C’est une marque d’attention dont la valeur symbolique n’est pas neutre : une dizaine de jours à peine après sa prise de fonctions, le Premier ministre – ancien maire de Vernon et ancien ministre chargé des Collectivités territoriales – a adressé un courrier à chaque maire du pays, dont Maire info a pu prendre connaissance. 

Objectif : envoyer aux maires un message « de soutien et de volonté », et les assurer qu’il « mesure les difficultés des missions qui (leur) sont confiées ». Le Premier ministre rappelle que le mandat qui se termine a commencé « dans l’épreuve pandémique de la covid-19 », et évoque les violences contre les élus : les attentes des citoyens « se transforment parfois en colère et je veux vous remercier d’y faire face chaque jour avec (…) le sens du devoir qui caractérise celles et ceux qui s’engagent ». 

Une nouvelle indemnité ?

Mais pour l’avoir entendu répéter bien des fois par les associations d’élus, le Premier ministre sait que les preuves d’amour valent mieux que les déclarations d’amour, et affirme donc que son soutien « devra se matérialiser ». C’est ici que prend place une petite phrase qui est sans doute la plus intéressante de ce courrier, parce qu’il s’agit d’une nouveauté : Sébastien Lecornu souhaite « inscrire dans les textes budgétaires pour 2026 » une « plus juste reconnaissance de l’engagement (des maires) comme agents de l’État ». 

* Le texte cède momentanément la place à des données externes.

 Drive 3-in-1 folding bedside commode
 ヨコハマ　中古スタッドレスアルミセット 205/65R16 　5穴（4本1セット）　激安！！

Sans autres précisions du Premier ministre sur ce sujet, on ne peut que faire des hypothèses, mais il se pourrait par exemple que Sébastien Lecornu ait décidé de donner suite à une revendication déjà ancienne de l’AMF et des sénateurs : que l’État compense, au moins en partie, les actions des maires menées en son nom. 

Rappelons en effet que le maire a une double casquette – ce qui en langage plus sérieux s’appelle le « dédoublement fonctionnel » : il est à la fois agent de la commune et agent de l’État. Mais même lorsqu’il agit en tant qu’agent de l’État – lorsqu’il organise les élections, célèbre un mariage, signe un acte d’état civil, par exemple – l’État ne lui verse aucune indemnité, c’est toujours la commune qui prend en charge celle-ci. 

Dans un rapport publié en 2023 par les sénateurs Éric Kerrouche et Françoise Gatel, consacré aux indemnités des élus locaux, cette question était clairement abordée, et les sénateurs écrivaient : « Reconnaître que le maire exerce deux fonctions, dont l'une est d'être représentant de l'État dans sa commune, implique de créer une contribution de l'État ». Avec cette jolie formule : « Le maire ne saurait être un passager clandestin de l’État. » Ce rapport proposait que cette indemnité compensatrice – distincte de la dotation « élu local » ou DPEL – s’élève à « 10 % du plafond indemnitaire du maire ». Soit un coût estimé, pour le budget de l’État, à environ 63 millions d’euros. 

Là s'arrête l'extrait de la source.